## EXERCISE
Output each of the entries exactly, skipping every picture they contain.

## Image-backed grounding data
------------------------------------------------------------

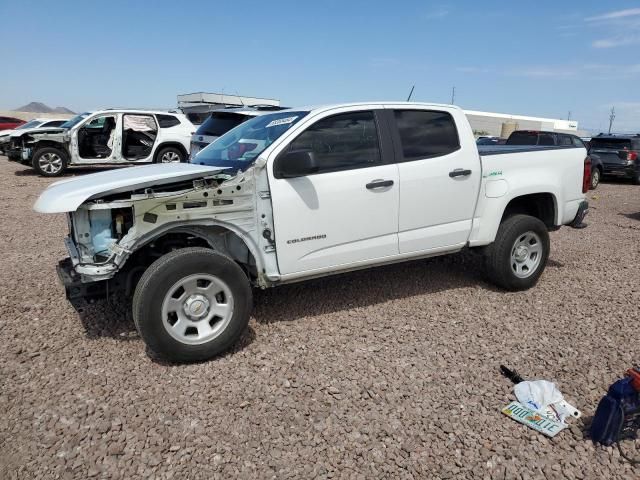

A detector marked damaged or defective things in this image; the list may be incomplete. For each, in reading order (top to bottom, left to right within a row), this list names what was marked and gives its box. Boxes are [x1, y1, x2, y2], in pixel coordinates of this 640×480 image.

damaged white car [16, 109, 192, 176]
damaged front end [37, 163, 264, 308]
damaged white car [36, 103, 592, 362]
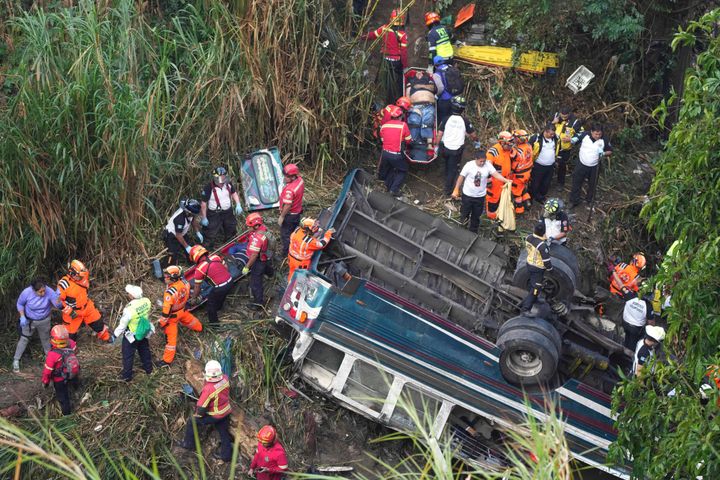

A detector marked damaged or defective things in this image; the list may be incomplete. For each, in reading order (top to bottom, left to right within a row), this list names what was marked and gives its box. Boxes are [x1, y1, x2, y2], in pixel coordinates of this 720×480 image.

------------------------------------------------------------

## RESULT OF THIS EXERCISE
A detector marked damaged or defective things in this image; the list may be incomplete. For each, in reading order (top to bottom, left to right within a row), this list names what was marked and gives its box. Boxes are [x1, y1, x2, y2], in pixel coordinates of this 640×480 image.

damaged white car [16, 109, 192, 176]
damaged front end [37, 163, 264, 308]
damaged white car [36, 103, 592, 362]

A detector marked damaged or defective things in this image; the list may be incomplete. For each, in reading order (top to bottom, left to right within a row), this list names what was marked and gives its box. Boxes are [x1, y1, x2, y2], in pixel coordinates of this 720×480 image.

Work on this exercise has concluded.